→ **Exercise**
In the data that follows, find the line containing "Cômoda Giardino Flex"; then quote that line and every line after it, exactly, through the last one.

(Extracted data entries)
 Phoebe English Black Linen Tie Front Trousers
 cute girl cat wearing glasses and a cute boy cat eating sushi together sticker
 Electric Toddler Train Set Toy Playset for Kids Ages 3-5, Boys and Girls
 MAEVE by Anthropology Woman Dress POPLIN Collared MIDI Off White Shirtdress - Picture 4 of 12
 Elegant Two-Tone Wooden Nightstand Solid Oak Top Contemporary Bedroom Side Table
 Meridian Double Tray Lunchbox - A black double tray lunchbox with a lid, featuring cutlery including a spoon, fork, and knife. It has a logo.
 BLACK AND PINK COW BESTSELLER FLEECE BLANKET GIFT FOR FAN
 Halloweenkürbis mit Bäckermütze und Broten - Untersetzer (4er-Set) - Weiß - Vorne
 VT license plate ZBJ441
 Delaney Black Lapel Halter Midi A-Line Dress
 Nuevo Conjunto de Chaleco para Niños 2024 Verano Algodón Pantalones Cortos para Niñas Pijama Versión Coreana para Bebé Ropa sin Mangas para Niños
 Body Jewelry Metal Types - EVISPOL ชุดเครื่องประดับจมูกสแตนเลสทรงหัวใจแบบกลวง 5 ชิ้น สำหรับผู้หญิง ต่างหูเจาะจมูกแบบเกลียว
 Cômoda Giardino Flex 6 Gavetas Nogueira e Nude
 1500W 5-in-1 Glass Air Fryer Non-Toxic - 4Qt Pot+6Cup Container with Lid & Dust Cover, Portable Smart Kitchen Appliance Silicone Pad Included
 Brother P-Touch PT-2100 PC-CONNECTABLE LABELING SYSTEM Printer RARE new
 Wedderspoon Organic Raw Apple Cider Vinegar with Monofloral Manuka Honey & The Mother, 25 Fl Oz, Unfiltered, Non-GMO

→ **Worked solution**
 Cômoda Giardino Flex 6 Gavetas Nogueira e Nude
 1500W 5-in-1 Glass Air Fryer Non-Toxic - 4Qt Pot+6Cup Container with Lid & Dust Cover, Portable Smart Kitchen Appliance Silicone Pad Included
 Brother P-Touch PT-2100 PC-CONNECTABLE LABELING SYSTEM Printer RARE new
 Wedderspoon Organic Raw Apple Cider Vinegar with Monofloral Manuka Honey & The Mother, 25 Fl Oz, Unfiltered, Non-GMO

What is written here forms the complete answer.